|Submission No. 14||Back to full list of submissions|
|Download in either PDF or RTF format|
|26th March 1999
The Federal Chamber of Automotive Industries representing vehicle manufacturers and importers in Australia is pleased to respond to some of the matters raised in the review of business taxation "a platform for consultation".
We are very concerned that there appears to have been no study of the likely industry impact of such changes.
In our initial submission dated 23 December 1998 (submission No 46), we identified possible problems with the application of Fringe Benefits Tax (FBT) as it relates to motor vehicles. Since the introduction of FBT in 1985, the take from motor vehicles has grown steadily and in 1998 represented 50% of all FBT collections. Under the present arrangements the FBT payable on a $32,000 car travelling 20,000 per year is over $6,000 pa. Thus over a four year period, the FBT at $24,000 represents 75% of the tax inclusive price of the vehicle.
The proposals in Chapter 38 of discussion paper 2 Vol II would increase the FBT payable by up to 50%, or over $9,000 pa. Thus over a four year lease, the FBT would exceed the taxed up value of the vehicle when new.
The Australian vehicle market is, by world standards, open, in that the level of protection is low. As a result, over 50% of new passenger cars are imported. The remaining less than 50% are locally produced, however, some 70% of locally built passenger cars are sold to fleets and Governments where FBT is paid on the vehicle. The effect of an increase in FBT will, therefore, have the greatest impact on locally built vehicles.
The present statutory formula was designed to tax, as best as possible, the private use of vehicles, hence the reducing rate as annual distance covered is increased. The Government of the day was mindful of the fact that business vehicles do travel greater distances than private vehicles, and the FBT scale reflects this.
Chapter 38 of the discussion paper also addresses the possibility of exempting certain entertaining from FBT. On a revenue neutral basis, any loss in FBT from entertaining would be offset by a higher level of FBT on motor vehicles. The Federal Chamber cannot condone a proposal where by certain entertainment is FBT exempt at the expense of motor vehicles.
As stated in the discussion paper the various options addressed "for reforming the statutory formula could have varying effects on the composition and size of the market. In general, where significant venue increases are likely to arise the market might see a decline in the growth of new car numbers." Increasing the statutory formula as proposed would raise another $400 million pa. This would cause a significant fall in new car sales, particularly locally produced vehicles.
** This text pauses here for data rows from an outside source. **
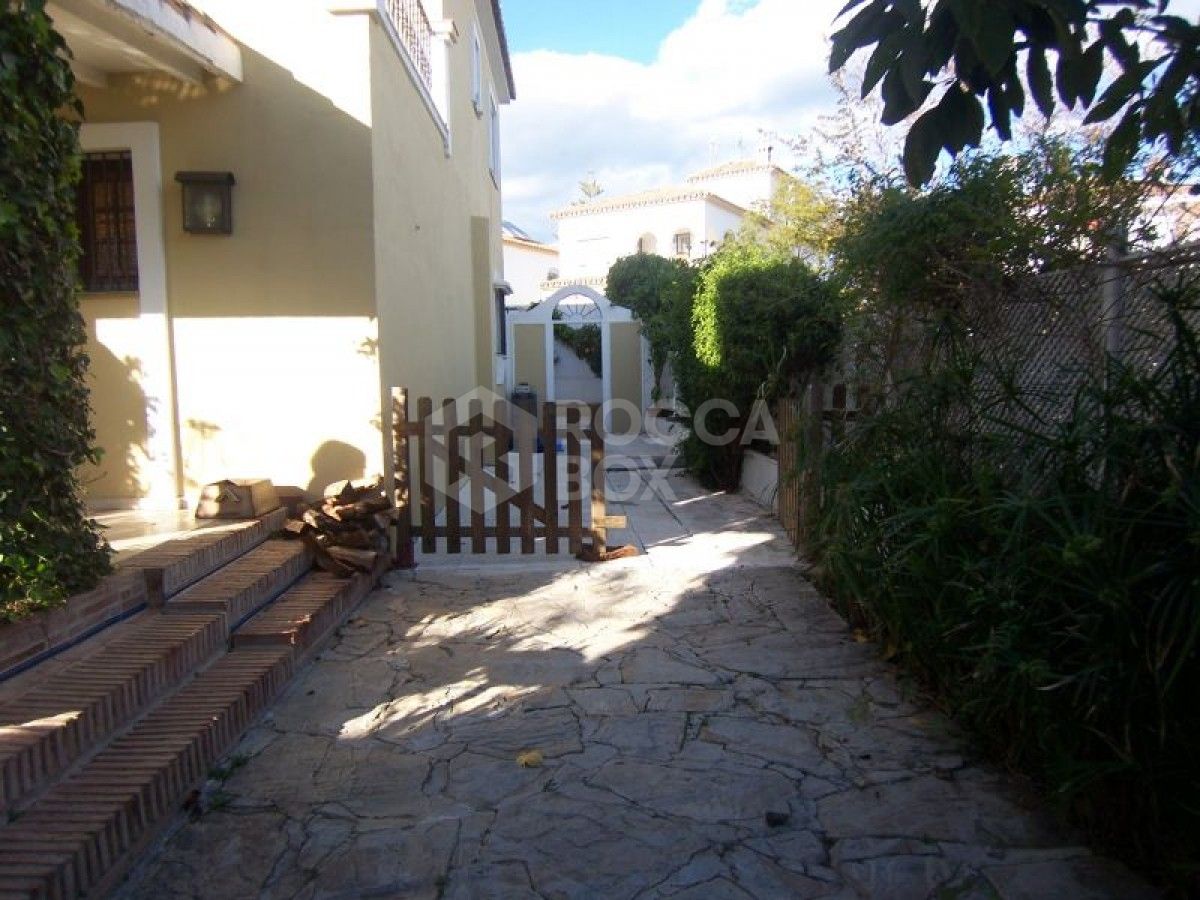 Andalucian style four bedroom villa for sale in Marbella.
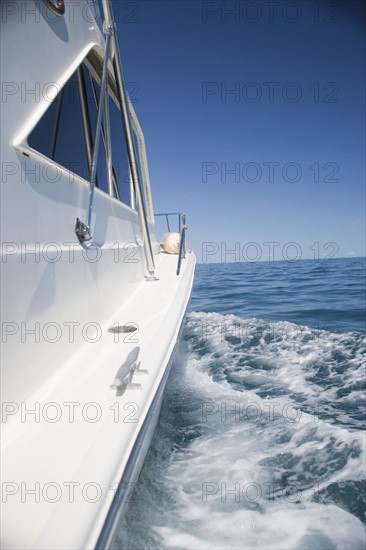 Side of a speed boat and its wake. Date : 2006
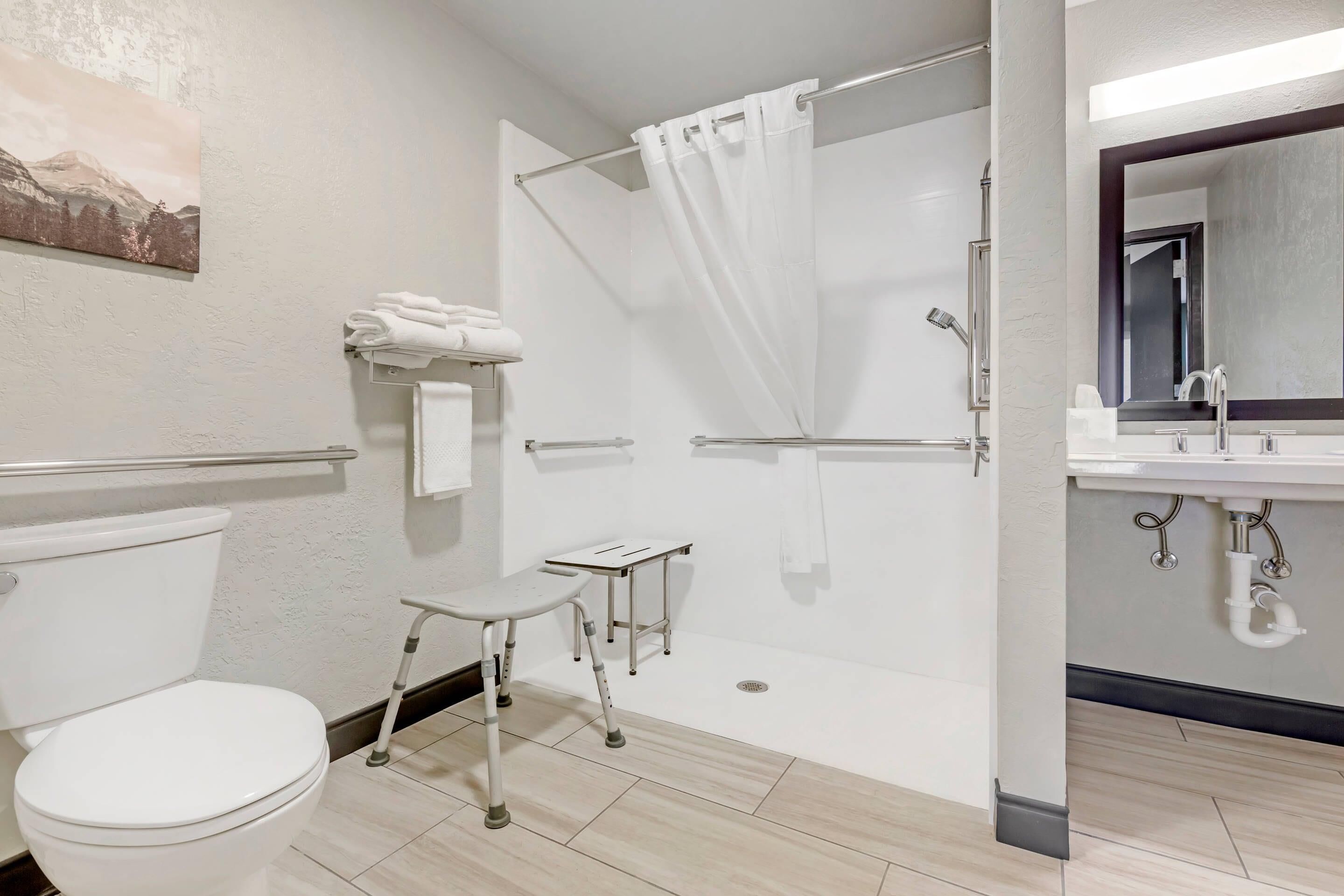A modern bathroom with a toilet, a shower with a glass door, a small table, and a sink with a mirror.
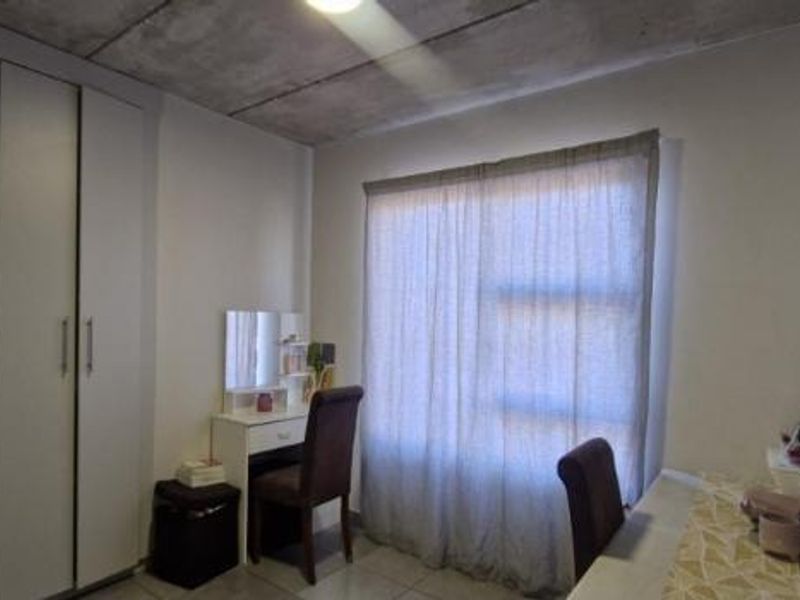 A bedroom featuring built-in cupboards, tiled flooring, and an exposed concrete ceiling, providing a modern industrial aesthetic.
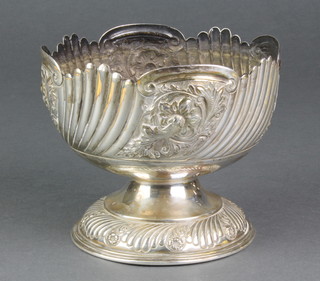 An Edwardian repousse silver rose bowl with demi-fluted and floral decoration Sheffield 1903, 300 grams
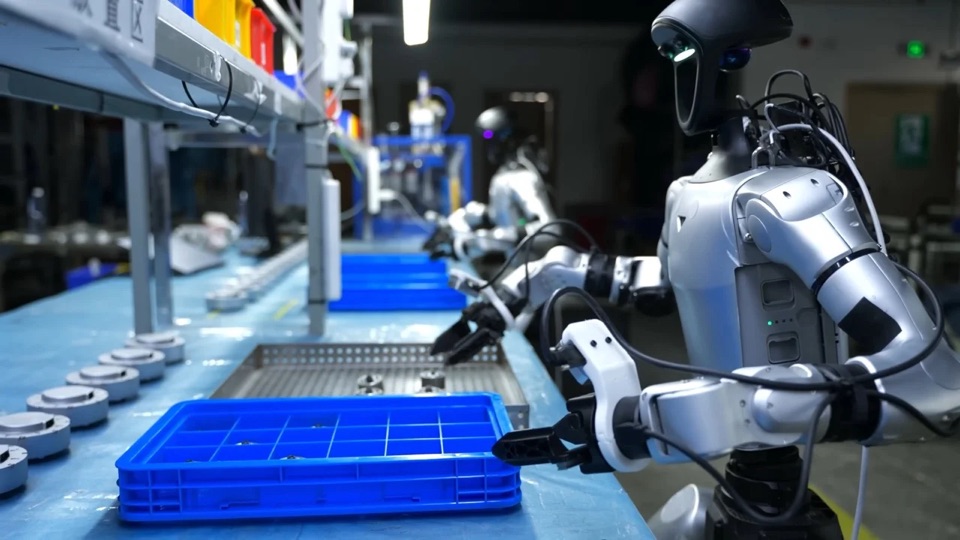 Humanoid robots working at a production line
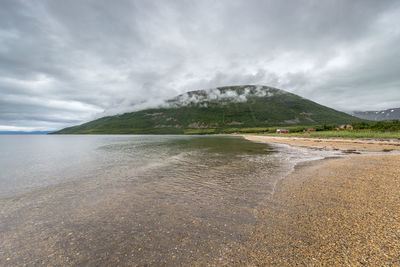 Scenic view of mountain by sea against sky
The key suggestion in the RBT discussion paper rests on the FBT being payable by the employee, at the employees marginal tax rate. However, the Federal Treasurer has already rejected the transfer of FBT liability from the employer to the employee. On this basis, the proposed increase in FBT rates (to be offset where appropriate by a lower income tax rate) is no longer valid.
Rather, the Treasurers statement re-inforces the Chambers original position that the FBT rate be lowered to 40%, more closely align with the marginal tax rates expected after 1 July 2000.
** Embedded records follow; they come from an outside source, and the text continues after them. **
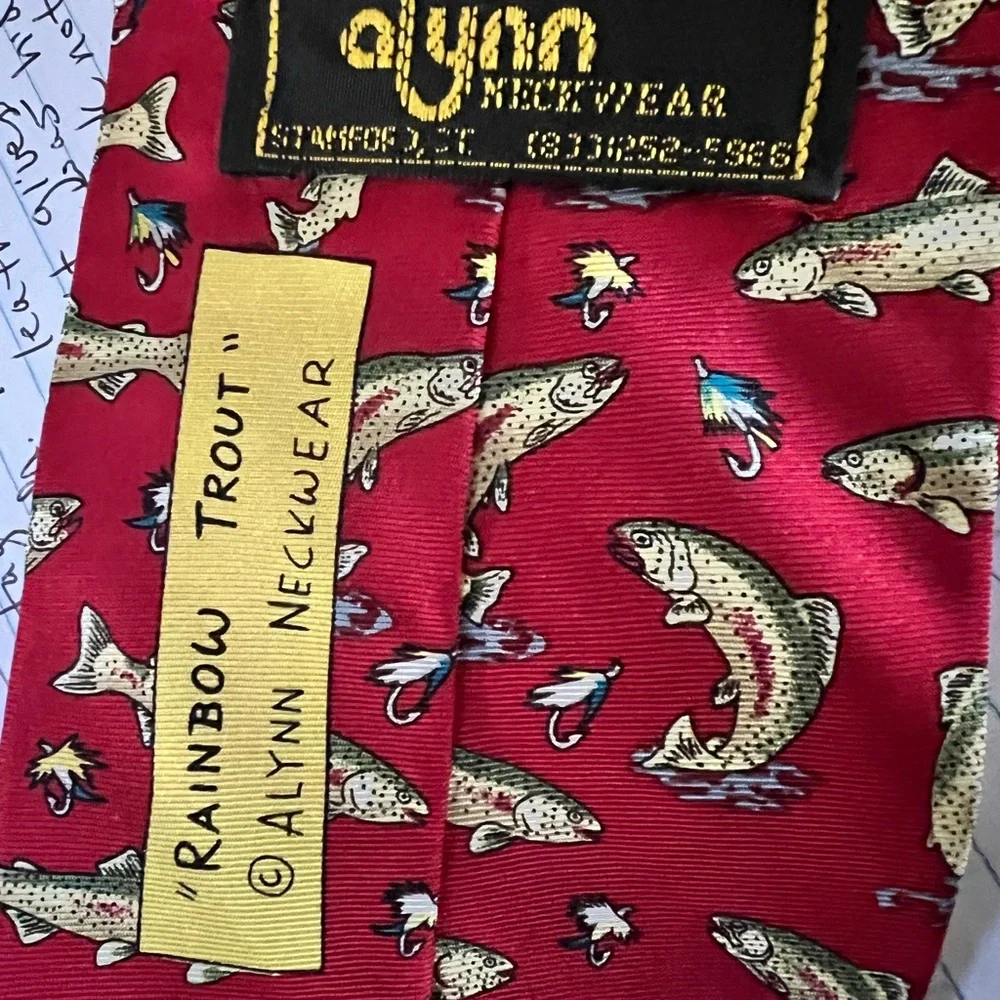 Rainbow trout neck tie by Alynn Neckwear. It is red with rainbow trout.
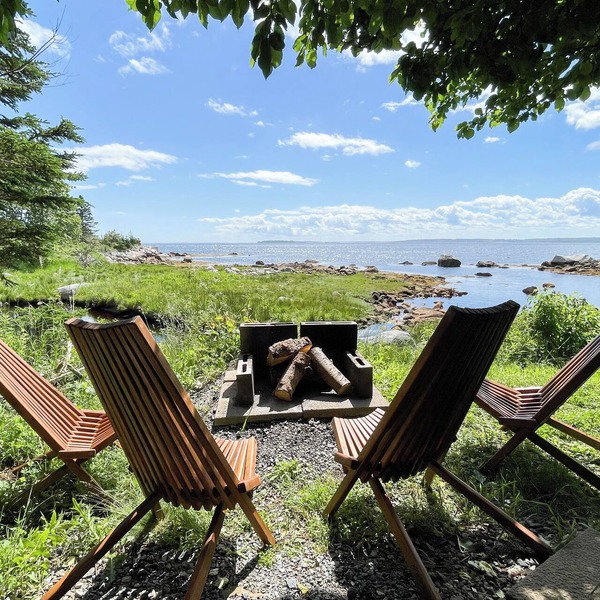 The oceanside Hideaway is nestled between the trees with stunning ocean views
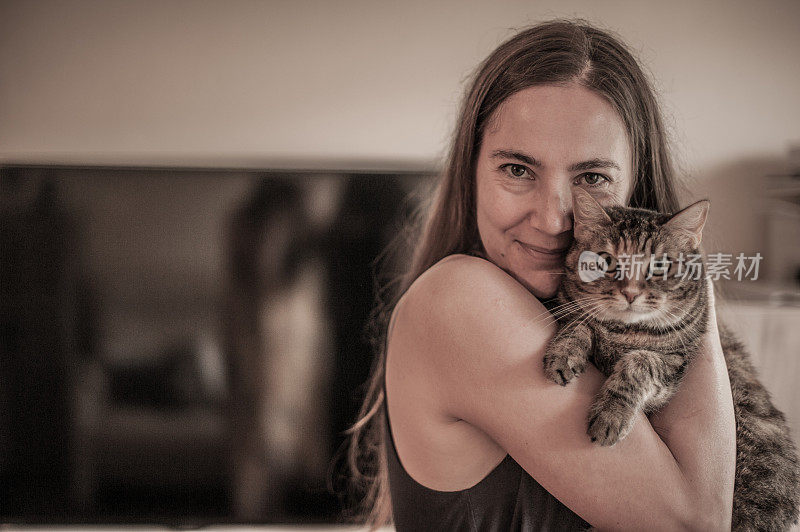 只是爱-美丽的女人与她的可爱的猫在客厅摆姿势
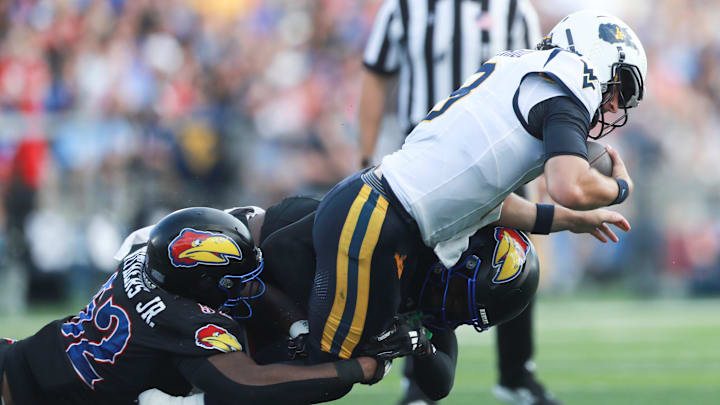 Kansas Jayhawks defensive tackle D.J. Withers (52) brings down West Virginia Mountaineers quarterback Nicco Marchiol (8) during the first half of the game against West Virginia Mountaineers at David Booth Kansas Memorial Stadium on Sept. 20, 2025. Kansas Jayhawks defensive tackle D.J. Withers (52) brings down West Virginia Mountaineers quarterback Nicco Marchiol (8) during the first half of the game against West Virginia Mountaineers at David Booth Kansas Memorial Stadium on Sept. 20, 2025.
The RBTs objective was to find an acceptable solution to lowering the business (corporate) tax rate to 30%. This is an admirable objective fully supported by the Federal Chamber. However, we can not accept that an offset to the lower corporate tax rate would be the removal of accelerated depreciation.
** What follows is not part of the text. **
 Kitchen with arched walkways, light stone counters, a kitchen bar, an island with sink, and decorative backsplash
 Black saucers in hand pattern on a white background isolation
The motor vehicle manufacturing industry is a highly capital intensive industry, with significant investment in new tooling, robotics and manufacturing plant and equipment.
This high level of investment, is related to model cycles and is therefore concentrated in short periods leading up to new model launch.
Accelerated depreciation allows the vehicle manufactures to improve their cash flows during these periods of high investment. Any move to restrict or remove accelerated depreciation would have a negative impact on vehicle manufactures at the time of greatest investment in Australia.
Investment by the four manufacturers in their passenger motor vehicle manufacturing activities rose strongly in the four years to 1997, and even higher levels of investment are forecast of the four year to 2001 (see State of the Australian Automotive Industry 1997, page 40). Total investment in the period 1994-97 exceeded $2.2 Billion, and is expected to grow to $2.7 Billion for the period 1998-2001.
These high levels of investment, which have also led to high levels of growth in automotive exports could be jeopardised should accelerated deprecation be removed.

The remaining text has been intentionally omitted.